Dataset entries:
------------------------

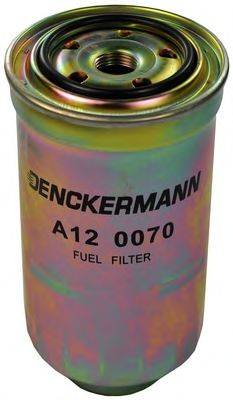 DENCKERMANN A120070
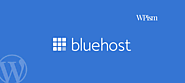 Bluehost Coupon Code | November 2020 Deal | 82% OFF + Free Name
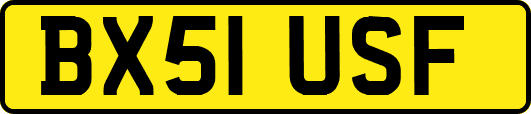 BX51USF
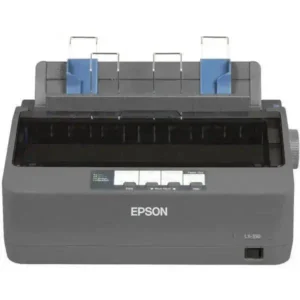 Impresora De Matriz Epson Lx 350 948521 600x600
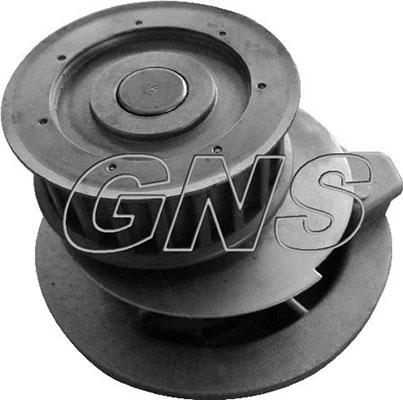 GNS YH-O103-3 - Водна помпа vvparts.bg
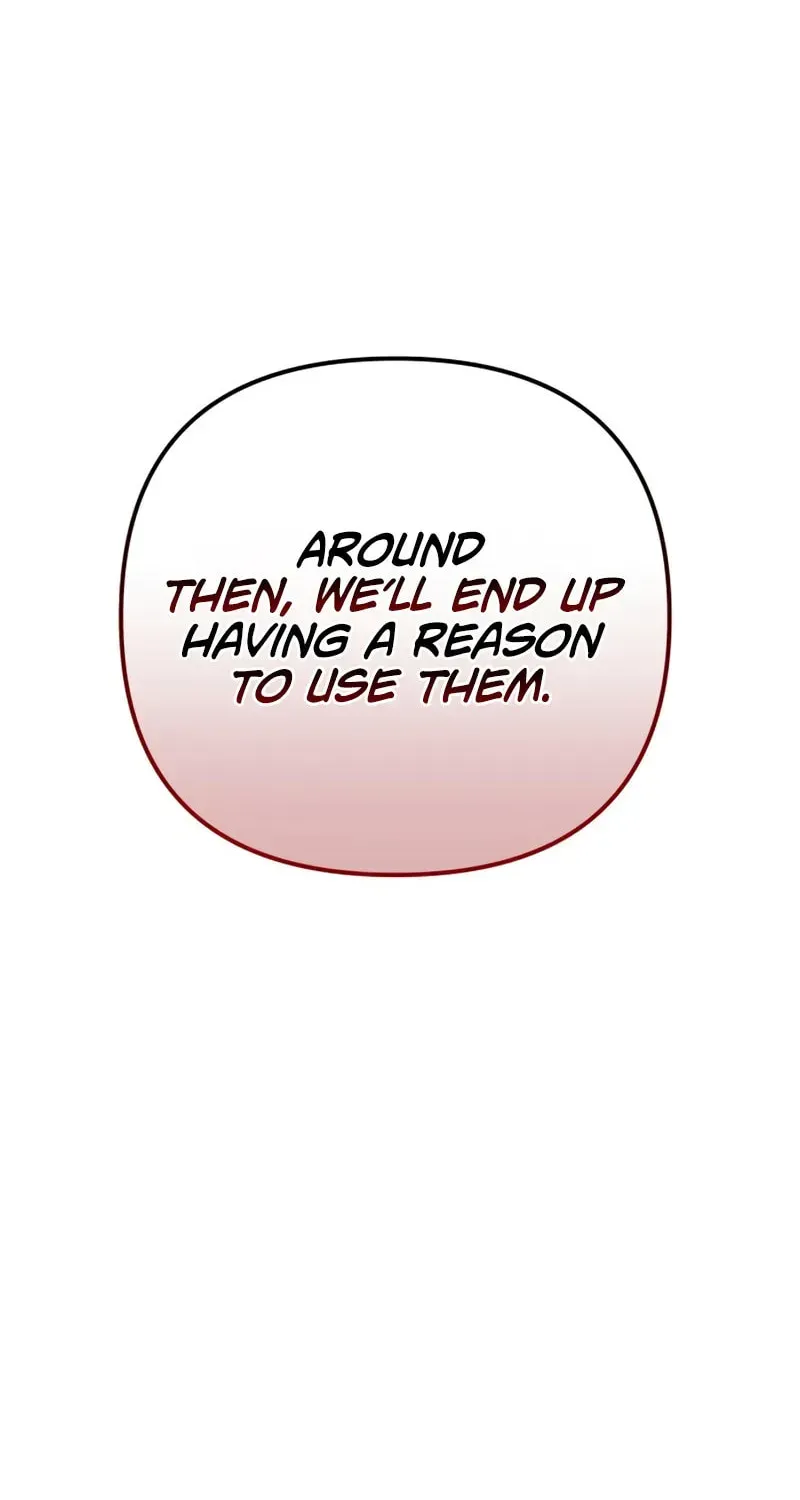 Read A Flame Reborn chapter 81 image 31 on Lezhin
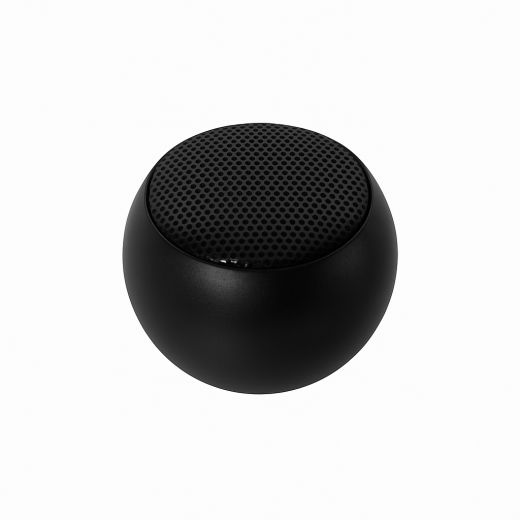 Bezvadu Skaļrunis BT 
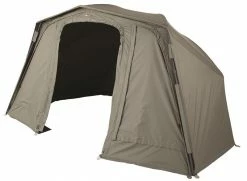 JRC Extreme TX Brolly System - Brolly systems & brollies -Carp Sales Store 452owtkc635830046668540440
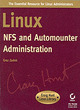 Image for Linux NFS and Automounter Administration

------------------------

--- Directions ---
Transcribe the records above verbatim. Do not carry over any picture.

--- Answer to this task ---
 DENCKERMANN A120070
 Bluehost Coupon Code | November 2020 Deal | 82% OFF + Free Name
 BX51USF
 Impresora De Matriz Epson Lx 350 948521 600x600
 GNS YH-O103-3 - Водна помпа vvparts.bg
 Read A Flame Reborn chapter 81 image 31 on Lezhin
 Bezvadu Skaļrunis BT 
 JRC Extreme TX Brolly System - Brolly systems & brollies -Carp Sales Store 452owtkc635830046668540440
 Image for Linux NFS and Automounter Administration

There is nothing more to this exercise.